Steve Bannon: ‘I will never back off … if I go to jail, so be it’

by WorldTribune Staff, July 24, 2022

A federal jury on Friday convicted Trump White House chief adviser Steve Bannon of two counts of contempt of Congress for defying a subpoena from the partisan House Select Committee “investigating” the Jan. 6, 2021 protest at the U.S. Capitol.

Bannon faces a minimum sentence of 30 days and a maximum of one year in jail for each count.

Steve Bannon: ‘Republicans have to have the stones to put on a real hearing.’

“If I go to jail, I go to jail. I will never back off,” Bannon told Fox News host Tucker Carlson following the conviction. “I’ve committed my life to this program…to get this done. I will never back off. I support Trump and the Constitution and I’m not backing off one inch. If I go to jail, so be it.”

Harvard law professor Alan Dershowitz said he believes Bannon’s contempt of Congress conviction will be overturned on constitutional grounds.

Friday’s convictions are “entirely in violation of the Constitution” in part because the jury was comprised of “probably 97 percent Trump haters,” Dershowitz told Newsmax.

”The only provision of the Constitution, which appears basically twice, is trial by jury in and in front of a fair jury,” he explained. ”Number one, he didn’t have a fair jury. Number two, the judge took his defenses away from him.”

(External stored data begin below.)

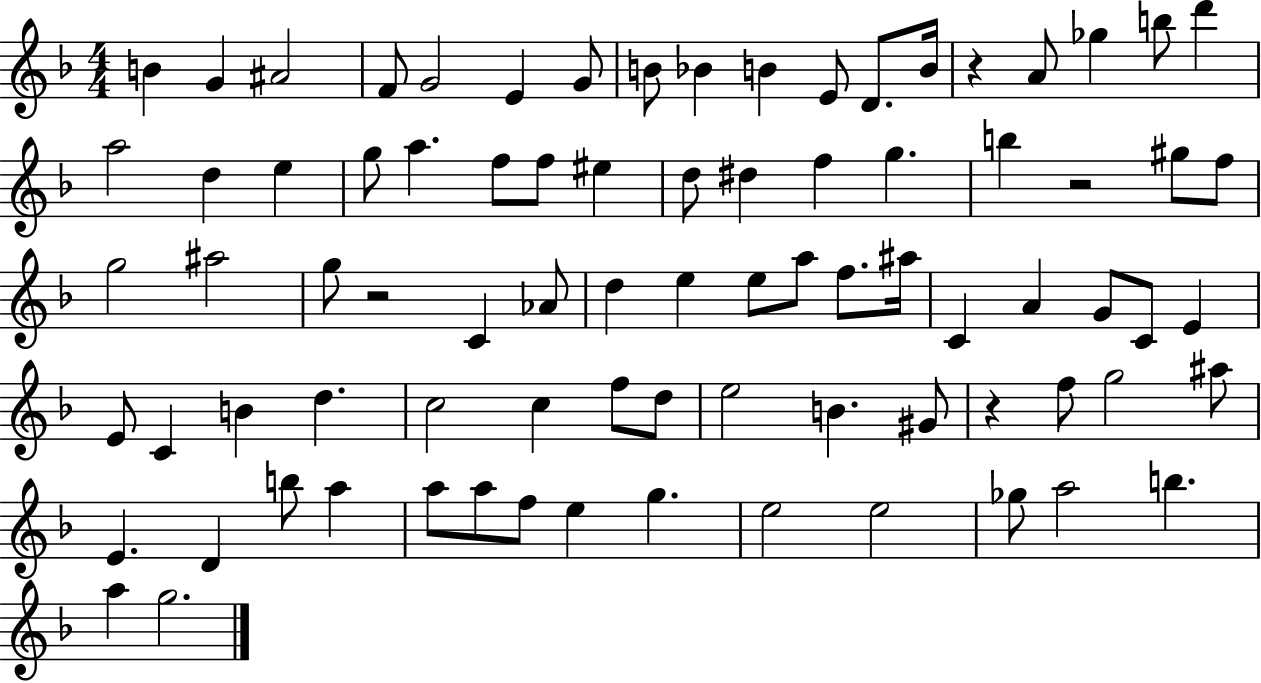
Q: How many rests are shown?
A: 4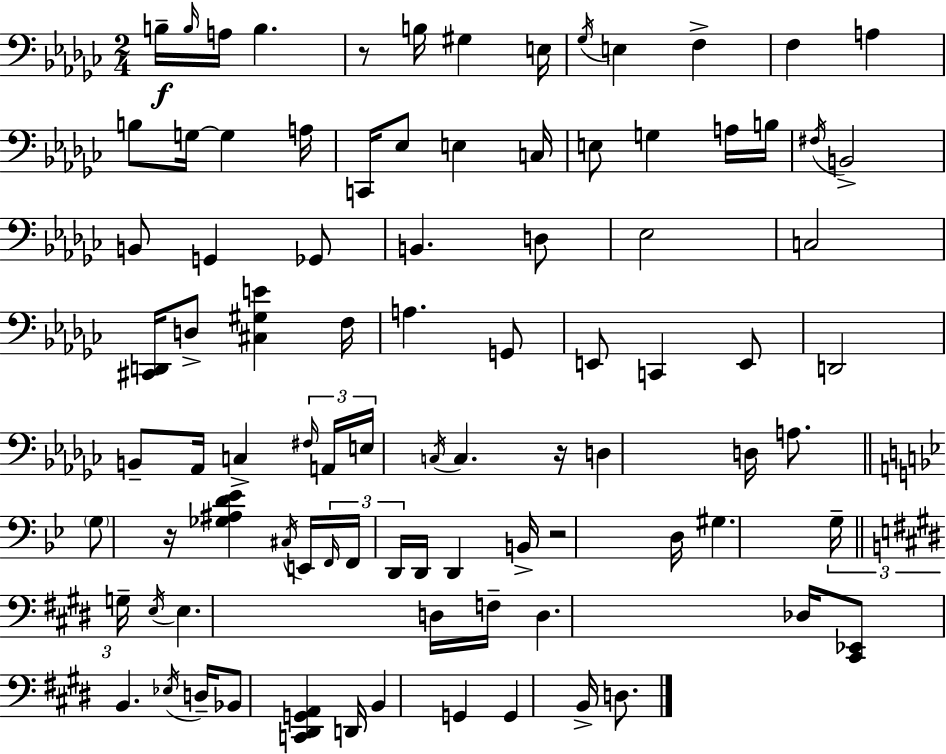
X:1
T:Untitled
M:2/4
L:1/4
K:Ebm
B,/4 B,/4 A,/4 B, z/2 B,/4 ^G, E,/4 _G,/4 E, F, F, A, B,/2 G,/4 G, A,/4 C,,/4 _E,/2 E, C,/4 E,/2 G, A,/4 B,/4 ^F,/4 B,,2 B,,/2 G,, _G,,/2 B,, D,/2 _E,2 C,2 [^C,,D,,]/4 D,/2 [^C,^G,E] F,/4 A, G,,/2 E,,/2 C,, E,,/2 D,,2 B,,/2 _A,,/4 C, ^F,/4 A,,/4 E,/4 C,/4 C, z/4 D, D,/4 A,/2 G,/2 z/4 [_G,^A,D_E] ^C,/4 E,,/4 F,,/4 F,,/4 D,,/4 D,,/4 D,, B,,/4 z2 D,/4 ^G, G,/4 G,/4 E,/4 E, D,/4 F,/4 D, _D,/4 [^C,,_E,,]/2 B,, _E,/4 D,/4 _B,,/2 [C,,^D,,G,,A,,] D,,/4 B,, G,, G,, B,,/4 D,/2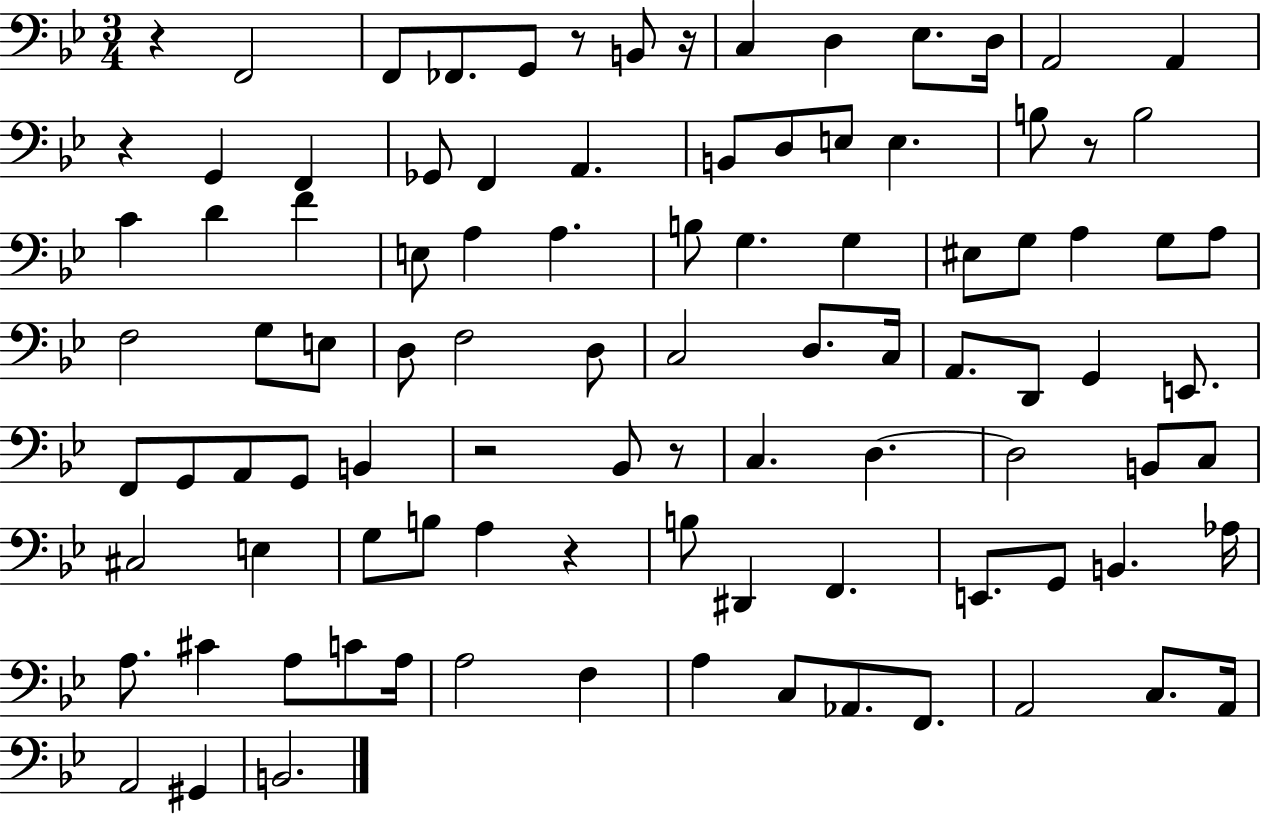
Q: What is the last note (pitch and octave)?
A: B2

Illinois RINO Rep. Adam Kinzinger, one of those infamous “Trump haters,” told ABC News following Bannon’s conviction: “It’s good. I mean, justice, right? Come in, you can plead the fifth if you want in front of our committee but you can’t ignore a congressional subpoena or you’ll pay the price.”

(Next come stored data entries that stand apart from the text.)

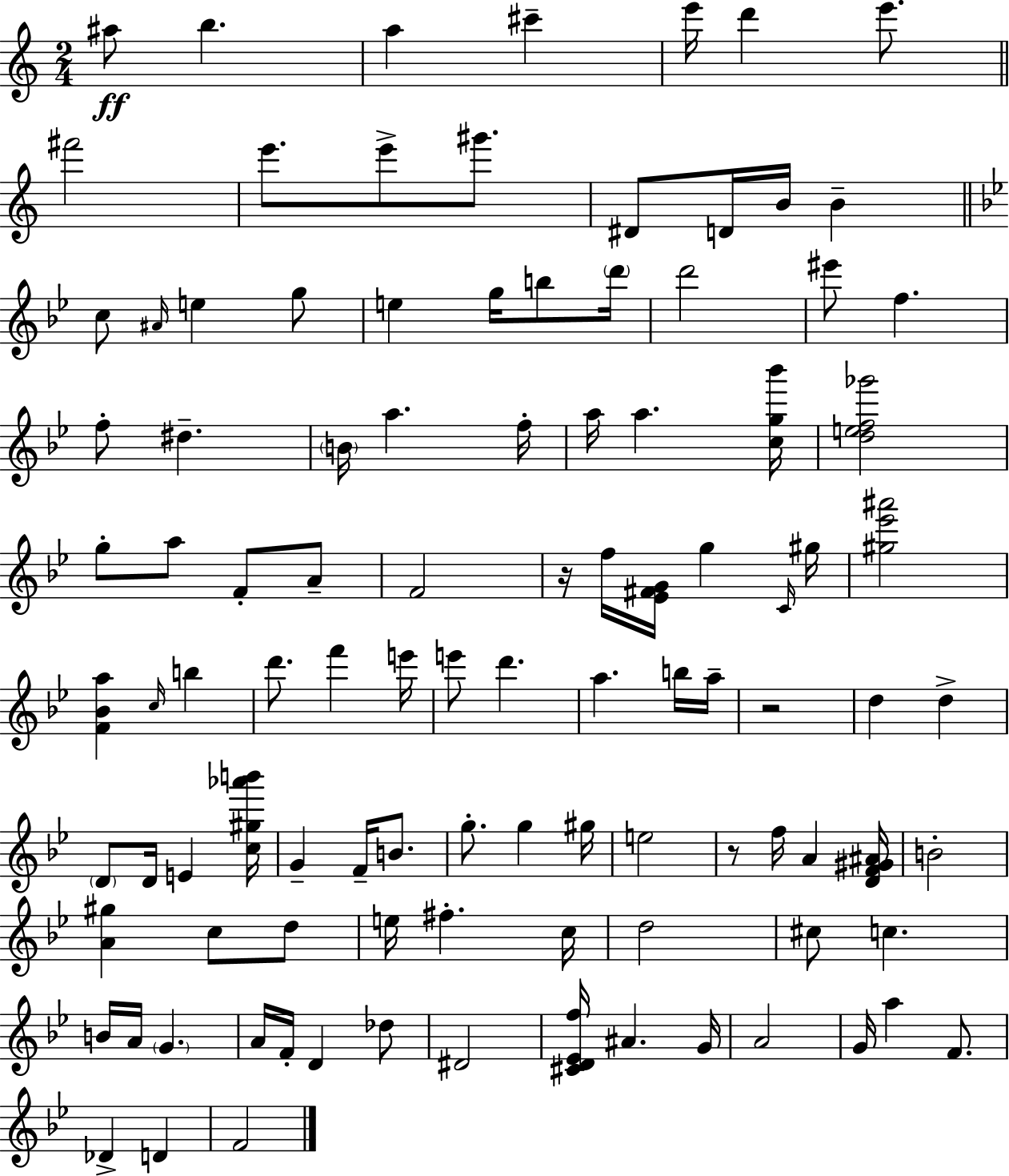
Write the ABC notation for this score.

X:1
T:Untitled
M:2/4
L:1/4
K:C
^a/2 b a ^c' e'/4 d' e'/2 ^f'2 e'/2 e'/2 ^g'/2 ^D/2 D/4 B/4 B c/2 ^A/4 e g/2 e g/4 b/2 d'/4 d'2 ^e'/2 f f/2 ^d B/4 a f/4 a/4 a [cg_b']/4 [def_g']2 g/2 a/2 F/2 A/2 F2 z/4 f/4 [_E^FG]/4 g C/4 ^g/4 [^g_e'^a']2 [F_Ba] c/4 b d'/2 f' e'/4 e'/2 d' a b/4 a/4 z2 d d D/2 D/4 E [c^g_a'b']/4 G F/4 B/2 g/2 g ^g/4 e2 z/2 f/4 A [DF^G^A]/4 B2 [A^g] c/2 d/2 e/4 ^f c/4 d2 ^c/2 c B/4 A/4 G A/4 F/4 D _d/2 ^D2 [^CD_Ef]/4 ^A G/4 A2 G/4 a F/2 _D D F2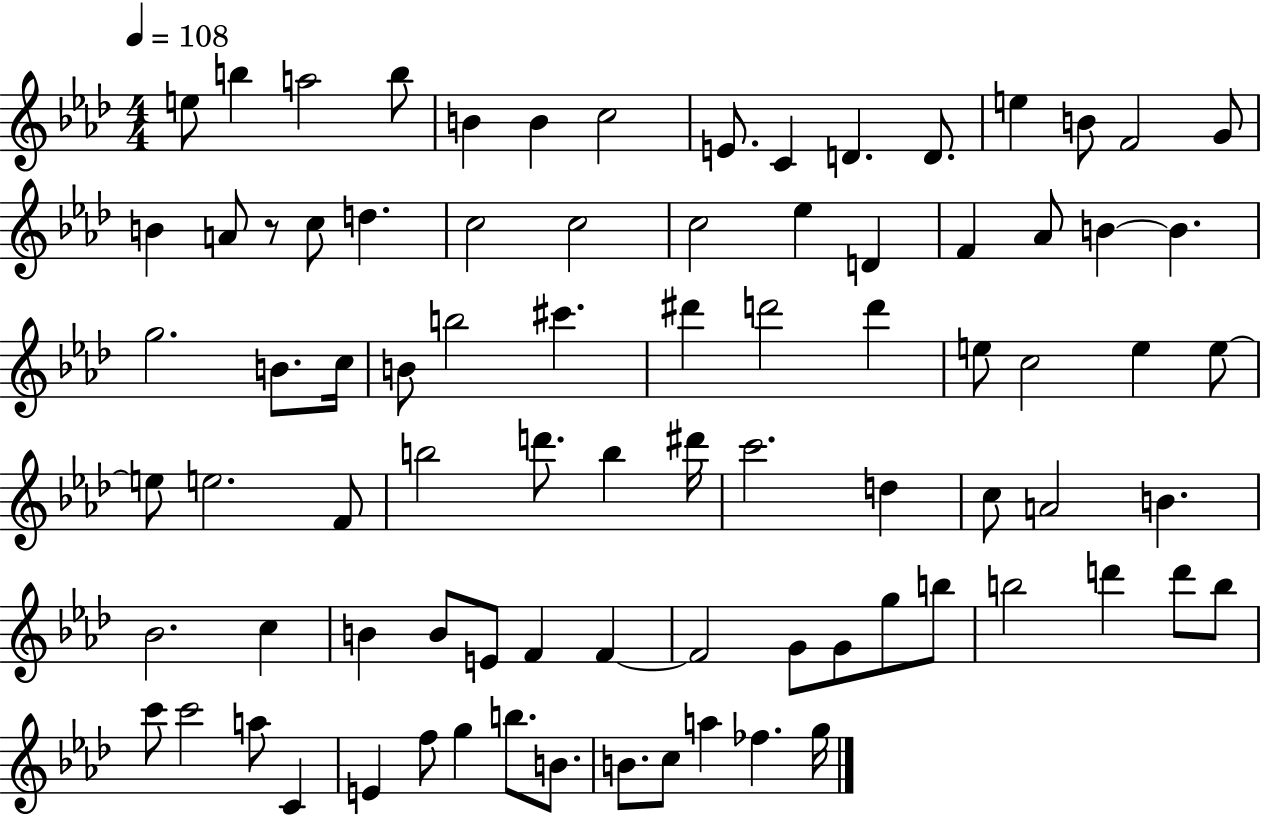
E5/e B5/q A5/h B5/e B4/q B4/q C5/h E4/e. C4/q D4/q. D4/e. E5/q B4/e F4/h G4/e B4/q A4/e R/e C5/e D5/q. C5/h C5/h C5/h Eb5/q D4/q F4/q Ab4/e B4/q B4/q. G5/h. B4/e. C5/s B4/e B5/h C#6/q. D#6/q D6/h D6/q E5/e C5/h E5/q E5/e E5/e E5/h. F4/e B5/h D6/e. B5/q D#6/s C6/h. D5/q C5/e A4/h B4/q. Bb4/h. C5/q B4/q B4/e E4/e F4/q F4/q F4/h G4/e G4/e G5/e B5/e B5/h D6/q D6/e B5/e C6/e C6/h A5/e C4/q E4/q F5/e G5/q B5/e. B4/e. B4/e. C5/e A5/q FES5/q. G5/s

Bannon noted that very few in the past have, as Kinzinger claimed, “paid the price.”

During his interview with Carlson, Bannon pointed out that two recent cases of contempt of Congress involved Democrat Obama era officials who were ultimately either exonerated or never charged: then-Attorney General Eric Holder over the Fast & Furious gun-running scandal – and ex-IRS employee Lois Lerner during the revenuer’s targeting of conservative and grassroots groups.

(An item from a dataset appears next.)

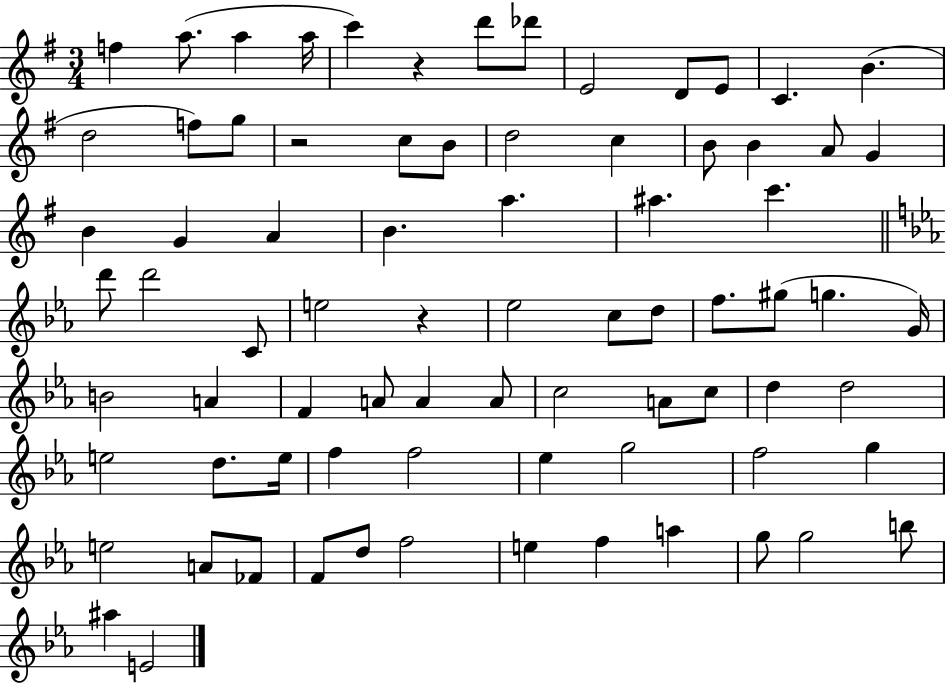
F5/q A5/e. A5/q A5/s C6/q R/q D6/e Db6/e E4/h D4/e E4/e C4/q. B4/q. D5/h F5/e G5/e R/h C5/e B4/e D5/h C5/q B4/e B4/q A4/e G4/q B4/q G4/q A4/q B4/q. A5/q. A#5/q. C6/q. D6/e D6/h C4/e E5/h R/q Eb5/h C5/e D5/e F5/e. G#5/e G5/q. G4/s B4/h A4/q F4/q A4/e A4/q A4/e C5/h A4/e C5/e D5/q D5/h E5/h D5/e. E5/s F5/q F5/h Eb5/q G5/h F5/h G5/q E5/h A4/e FES4/e F4/e D5/e F5/h E5/q F5/q A5/q G5/e G5/h B5/e A#5/q E4/h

The last prosecution of a contempt of Congress citation was against the G. Gordon Liddy, who was connected to Republican President Richard Nixon.

“I would tell the January 6 [Committee] staff right now: Preserve your documents because there’s going to be a real committee. And this is going to be backed by Republican grassroots voters and MAGA to say we want to get to the bottom of this for the good of the nation,” Bannon told Carlson.

“Republicans have to have the stones to put on a real hearing.”